EXERCISE AIM: Here is the task for the listing below: output exactly the lines from the one containing "The transducer generates" through the one containing "Alright, so we", and leave out the pictures.

GIVEN DATA:
# # # # #

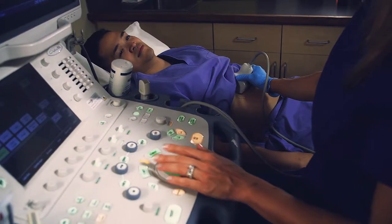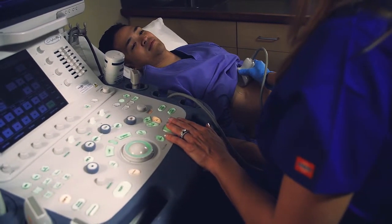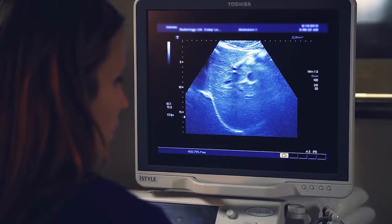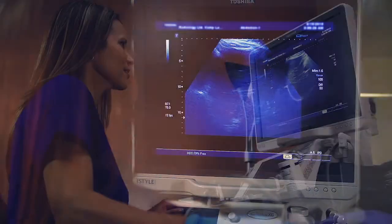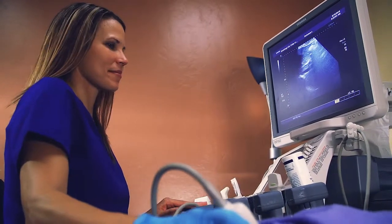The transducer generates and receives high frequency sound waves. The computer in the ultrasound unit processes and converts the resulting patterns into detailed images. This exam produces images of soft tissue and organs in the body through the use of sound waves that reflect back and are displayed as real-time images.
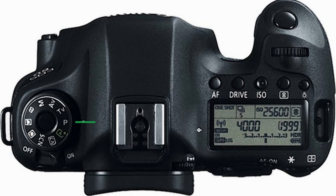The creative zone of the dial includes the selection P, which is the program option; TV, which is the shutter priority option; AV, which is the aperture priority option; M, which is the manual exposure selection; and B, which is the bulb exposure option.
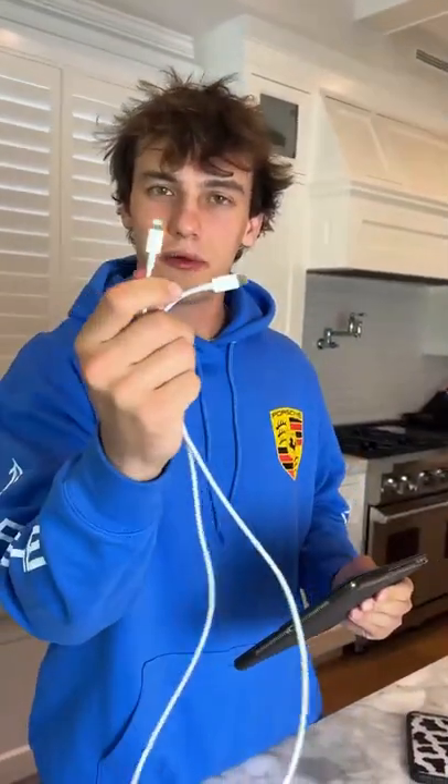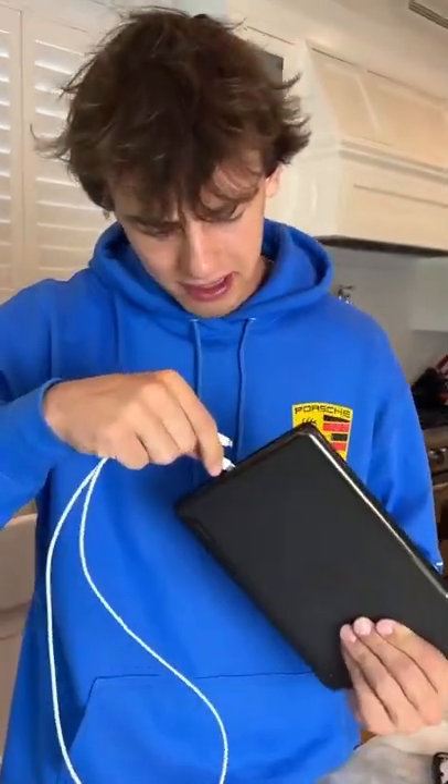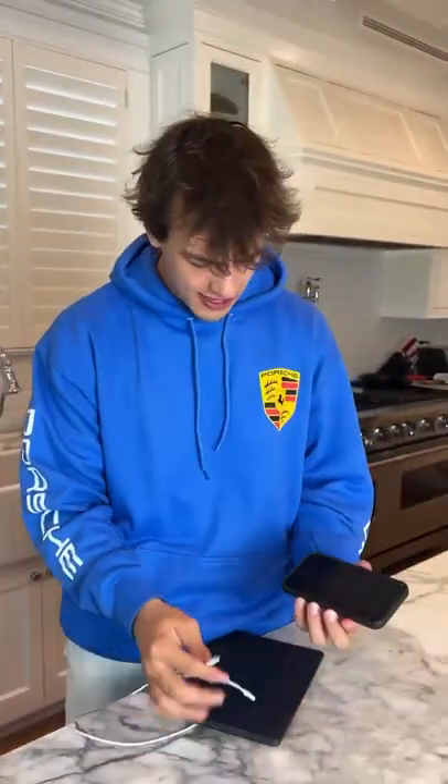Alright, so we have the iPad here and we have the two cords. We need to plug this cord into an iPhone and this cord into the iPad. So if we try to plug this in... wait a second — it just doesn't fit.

# # # # #

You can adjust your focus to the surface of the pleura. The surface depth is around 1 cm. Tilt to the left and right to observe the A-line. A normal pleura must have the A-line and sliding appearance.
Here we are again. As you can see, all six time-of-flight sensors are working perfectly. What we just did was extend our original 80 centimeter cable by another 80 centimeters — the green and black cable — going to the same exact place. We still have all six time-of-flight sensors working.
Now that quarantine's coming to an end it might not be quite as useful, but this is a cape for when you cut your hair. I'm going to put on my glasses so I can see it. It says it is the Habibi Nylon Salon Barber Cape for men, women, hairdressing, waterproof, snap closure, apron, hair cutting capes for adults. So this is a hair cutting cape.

# # # # #

REPLY TO THE TASK:
The transducer generates and receives high frequency sound waves. The computer in the ultrasound unit processes and converts the resulting patterns into detailed images. This exam produces images of soft tissue and organs in the body through the use of sound waves that reflect back and are displayed as real-time images.
The creative zone of the dial includes the selection P, which is the program option; TV, which is the shutter priority option; AV, which is the aperture priority option; M, which is the manual exposure selection; and B, which is the bulb exposure option.
Alright, so we have the iPad here and we have the two cords. We need to plug this cord into an iPhone and this cord into the iPad. So if we try to plug this in... wait a second — it just doesn't fit.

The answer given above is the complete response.